There are a few issues that you have to raise here. Why is it that there seems to be, in the ACT, with the Chief Minister, some abhorrence of the IGA chain of supermarkets? IGA has been part of the Canberra landscape for as long as I have lived here, in its current form and in its previous form. The supermarket operators who operate those supermarkets in my electorate and elsewhere, the people who have spoken to me, are upright members of the community that provide an essential service. The Supa IGA in Hawker, the IGA that I use on a regular basis at Florey, the IGAs across the community, across my electorate, are strong supporters of the community and are strong supporters in the community.

We can look at places like the IGA at Melba. A few years ago that Melba shopping centre was derelict but the people who run the IGA at Melba contributed to the turning around of that shopping centre from a burnt-out hulk to the vibrant shopping centre it is today. They have made a substantial contribution to the life and the community in the suburb of Melba, which is a somewhat disadvantaged suburb. In Evatt, Fraser, Holt, Kaleen—a substantial supermarket again—and Nicholls, the IGA people make a substantial contribution to my electorate.

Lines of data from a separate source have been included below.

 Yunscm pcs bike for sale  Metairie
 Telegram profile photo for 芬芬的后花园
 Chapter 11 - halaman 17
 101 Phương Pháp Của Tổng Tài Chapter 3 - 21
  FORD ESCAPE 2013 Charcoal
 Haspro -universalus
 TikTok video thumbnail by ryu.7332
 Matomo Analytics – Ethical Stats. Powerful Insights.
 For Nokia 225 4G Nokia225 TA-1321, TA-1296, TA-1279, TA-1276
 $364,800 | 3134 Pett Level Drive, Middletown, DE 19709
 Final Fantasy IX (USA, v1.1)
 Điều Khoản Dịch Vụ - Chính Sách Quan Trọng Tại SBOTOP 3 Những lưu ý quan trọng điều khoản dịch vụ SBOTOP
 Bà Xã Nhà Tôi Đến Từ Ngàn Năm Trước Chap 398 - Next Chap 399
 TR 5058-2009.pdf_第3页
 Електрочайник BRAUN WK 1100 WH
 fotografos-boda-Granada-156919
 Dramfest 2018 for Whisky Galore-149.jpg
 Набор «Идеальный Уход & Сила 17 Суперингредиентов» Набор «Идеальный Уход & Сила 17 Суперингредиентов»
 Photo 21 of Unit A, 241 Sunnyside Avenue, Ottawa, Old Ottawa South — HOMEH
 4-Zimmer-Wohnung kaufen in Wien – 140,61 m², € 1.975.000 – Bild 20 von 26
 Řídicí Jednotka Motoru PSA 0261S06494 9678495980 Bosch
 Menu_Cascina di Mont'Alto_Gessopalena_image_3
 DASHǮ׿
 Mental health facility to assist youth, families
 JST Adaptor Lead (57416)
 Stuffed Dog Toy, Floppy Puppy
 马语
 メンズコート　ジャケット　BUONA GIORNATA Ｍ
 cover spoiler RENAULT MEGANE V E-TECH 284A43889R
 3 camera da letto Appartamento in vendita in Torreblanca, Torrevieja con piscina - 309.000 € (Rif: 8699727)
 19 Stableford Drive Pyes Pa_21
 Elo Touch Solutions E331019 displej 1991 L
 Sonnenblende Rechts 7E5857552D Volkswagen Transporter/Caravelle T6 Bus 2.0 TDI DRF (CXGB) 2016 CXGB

There seems to be a problem between Mr Stanhope and the IGA chain, and it is time that Mr Stanhope either got over it or got around it. He is there saying he wants genuine independent people in the supermarket business. We have those genuine independent people. By his own admission today, Metcash does not run any of these supermarkets. But at the same time he is putting impediments in their way or it appears from recommendations 6 and 8 of the Martin report that there are impediments in the way of these people.

What we need from the Chief Minister today is for him to get off his high horse and recognise that we should all be on the one page on this. We want good interaction and good development of supermarkets in our communities. We do not want a preponderance of the big players in our supermarkets. We do not want to perpetuate the thing which is already wrong with the supermarket industry in the ACT, which is the preponderance and the domination of Woolworths and Coles. You can travel overseas and talk to people about supermarkets. It is interesting in that I was recently briefly in the UK and people complained to me about Tesco. They all ended up saying, “You don’t want to have Tesco come to Australia; it’s terrible.” Tesco may have problems, and people may have problems with it, but it does not occupy as much space in the retail supermarket business in the UK as Woolworths and Coles do here.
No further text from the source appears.